===== Listed entries

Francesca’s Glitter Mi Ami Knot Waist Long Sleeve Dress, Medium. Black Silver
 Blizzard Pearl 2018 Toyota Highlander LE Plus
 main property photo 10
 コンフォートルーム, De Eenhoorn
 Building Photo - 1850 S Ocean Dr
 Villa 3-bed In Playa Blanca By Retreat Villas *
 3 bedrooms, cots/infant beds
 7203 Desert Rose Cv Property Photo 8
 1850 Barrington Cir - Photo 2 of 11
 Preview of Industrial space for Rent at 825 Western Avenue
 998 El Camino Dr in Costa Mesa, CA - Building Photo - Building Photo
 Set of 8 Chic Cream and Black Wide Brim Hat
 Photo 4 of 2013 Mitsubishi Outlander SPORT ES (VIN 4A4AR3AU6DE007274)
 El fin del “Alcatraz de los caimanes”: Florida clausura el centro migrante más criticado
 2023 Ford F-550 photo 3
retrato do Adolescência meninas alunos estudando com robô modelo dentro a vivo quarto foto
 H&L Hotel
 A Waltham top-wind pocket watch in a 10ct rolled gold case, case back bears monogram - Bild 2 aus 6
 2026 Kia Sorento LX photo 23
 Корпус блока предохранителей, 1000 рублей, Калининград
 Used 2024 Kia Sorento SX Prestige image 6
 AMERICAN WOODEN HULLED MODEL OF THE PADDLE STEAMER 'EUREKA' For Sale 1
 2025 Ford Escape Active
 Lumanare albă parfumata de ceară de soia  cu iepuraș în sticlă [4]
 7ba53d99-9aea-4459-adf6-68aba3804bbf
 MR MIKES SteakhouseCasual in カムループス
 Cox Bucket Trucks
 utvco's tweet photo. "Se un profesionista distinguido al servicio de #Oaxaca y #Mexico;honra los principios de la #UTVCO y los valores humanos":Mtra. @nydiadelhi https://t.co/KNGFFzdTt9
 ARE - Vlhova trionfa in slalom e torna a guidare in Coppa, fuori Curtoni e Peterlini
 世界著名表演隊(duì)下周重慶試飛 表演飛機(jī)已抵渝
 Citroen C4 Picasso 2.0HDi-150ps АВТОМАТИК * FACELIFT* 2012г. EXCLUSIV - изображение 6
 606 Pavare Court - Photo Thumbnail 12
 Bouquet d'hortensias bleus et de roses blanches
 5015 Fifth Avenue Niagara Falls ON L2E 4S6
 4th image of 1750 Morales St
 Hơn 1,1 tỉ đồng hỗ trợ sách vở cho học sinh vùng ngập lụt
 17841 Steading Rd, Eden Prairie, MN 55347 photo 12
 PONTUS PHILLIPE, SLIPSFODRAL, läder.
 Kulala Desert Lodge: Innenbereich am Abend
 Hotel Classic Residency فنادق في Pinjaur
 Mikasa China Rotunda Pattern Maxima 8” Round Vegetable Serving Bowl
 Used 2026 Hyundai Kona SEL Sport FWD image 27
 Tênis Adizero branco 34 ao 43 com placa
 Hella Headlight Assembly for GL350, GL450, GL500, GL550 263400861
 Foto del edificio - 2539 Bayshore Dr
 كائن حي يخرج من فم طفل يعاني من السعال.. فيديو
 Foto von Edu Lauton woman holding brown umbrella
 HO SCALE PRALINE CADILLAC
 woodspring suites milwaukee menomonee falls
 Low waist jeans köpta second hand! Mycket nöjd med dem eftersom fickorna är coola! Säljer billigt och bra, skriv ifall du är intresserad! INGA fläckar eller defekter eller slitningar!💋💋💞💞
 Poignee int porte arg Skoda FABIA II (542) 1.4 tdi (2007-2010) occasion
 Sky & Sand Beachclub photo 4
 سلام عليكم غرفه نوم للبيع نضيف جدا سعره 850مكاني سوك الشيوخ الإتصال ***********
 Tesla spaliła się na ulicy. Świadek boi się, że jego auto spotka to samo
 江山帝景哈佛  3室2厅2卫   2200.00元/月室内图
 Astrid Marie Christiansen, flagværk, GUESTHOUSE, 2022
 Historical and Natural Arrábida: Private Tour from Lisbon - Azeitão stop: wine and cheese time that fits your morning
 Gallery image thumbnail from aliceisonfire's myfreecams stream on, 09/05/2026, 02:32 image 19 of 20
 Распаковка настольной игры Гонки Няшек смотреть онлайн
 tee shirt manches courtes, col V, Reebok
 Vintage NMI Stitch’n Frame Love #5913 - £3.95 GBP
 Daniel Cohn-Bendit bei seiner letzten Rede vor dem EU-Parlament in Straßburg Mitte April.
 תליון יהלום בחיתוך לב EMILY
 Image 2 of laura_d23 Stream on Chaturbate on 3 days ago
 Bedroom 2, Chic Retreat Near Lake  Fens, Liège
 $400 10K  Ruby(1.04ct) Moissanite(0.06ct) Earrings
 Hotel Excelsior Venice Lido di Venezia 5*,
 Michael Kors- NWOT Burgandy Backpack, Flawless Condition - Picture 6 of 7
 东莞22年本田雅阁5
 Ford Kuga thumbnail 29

==========

— Work required —
Going down the listing above, begin printing at the line with "Set of 8 Chic Cream and Black Wide Brim Hat" and finish with the line with "Foto del edificio - 2539 Bayshore Dr", exactly as they appear.

— Task result —
 Set of 8 Chic Cream and Black Wide Brim Hat
 Photo 4 of 2013 Mitsubishi Outlander SPORT ES (VIN 4A4AR3AU6DE007274)
 El fin del “Alcatraz de los caimanes”: Florida clausura el centro migrante más criticado
 2023 Ford F-550 photo 3
retrato do Adolescência meninas alunos estudando com robô modelo dentro a vivo quarto foto
 H&L Hotel
 A Waltham top-wind pocket watch in a 10ct rolled gold case, case back bears monogram - Bild 2 aus 6
 2026 Kia Sorento LX photo 23
 Корпус блока предохранителей, 1000 рублей, Калининград
 Used 2024 Kia Sorento SX Prestige image 6
 AMERICAN WOODEN HULLED MODEL OF THE PADDLE STEAMER 'EUREKA' For Sale 1
 2025 Ford Escape Active
 Lumanare albă parfumata de ceară de soia  cu iepuraș în sticlă [4]
 7ba53d99-9aea-4459-adf6-68aba3804bbf
 MR MIKES SteakhouseCasual in カムループス
 Cox Bucket Trucks
 utvco's tweet photo. "Se un profesionista distinguido al servicio de #Oaxaca y #Mexico;honra los principios de la #UTVCO y los valores humanos":Mtra. @nydiadelhi https://t.co/KNGFFzdTt9
 ARE - Vlhova trionfa in slalom e torna a guidare in Coppa, fuori Curtoni e Peterlini
 世界著名表演隊(duì)下周重慶試飛 表演飛機(jī)已抵渝
 Citroen C4 Picasso 2.0HDi-150ps АВТОМАТИК * FACELIFT* 2012г. EXCLUSIV - изображение 6
 606 Pavare Court - Photo Thumbnail 12
 Bouquet d'hortensias bleus et de roses blanches
 5015 Fifth Avenue Niagara Falls ON L2E 4S6
 4th image of 1750 Morales St
 Hơn 1,1 tỉ đồng hỗ trợ sách vở cho học sinh vùng ngập lụt
 17841 Steading Rd, Eden Prairie, MN 55347 photo 12
 PONTUS PHILLIPE, SLIPSFODRAL, läder.
 Kulala Desert Lodge: Innenbereich am Abend
 Hotel Classic Residency فنادق في Pinjaur
 Mikasa China Rotunda Pattern Maxima 8” Round Vegetable Serving Bowl
 Used 2026 Hyundai Kona SEL Sport FWD image 27
 Tênis Adizero branco 34 ao 43 com placa
 Hella Headlight Assembly for GL350, GL450, GL500, GL550 263400861
 Foto del edificio - 2539 Bayshore Dr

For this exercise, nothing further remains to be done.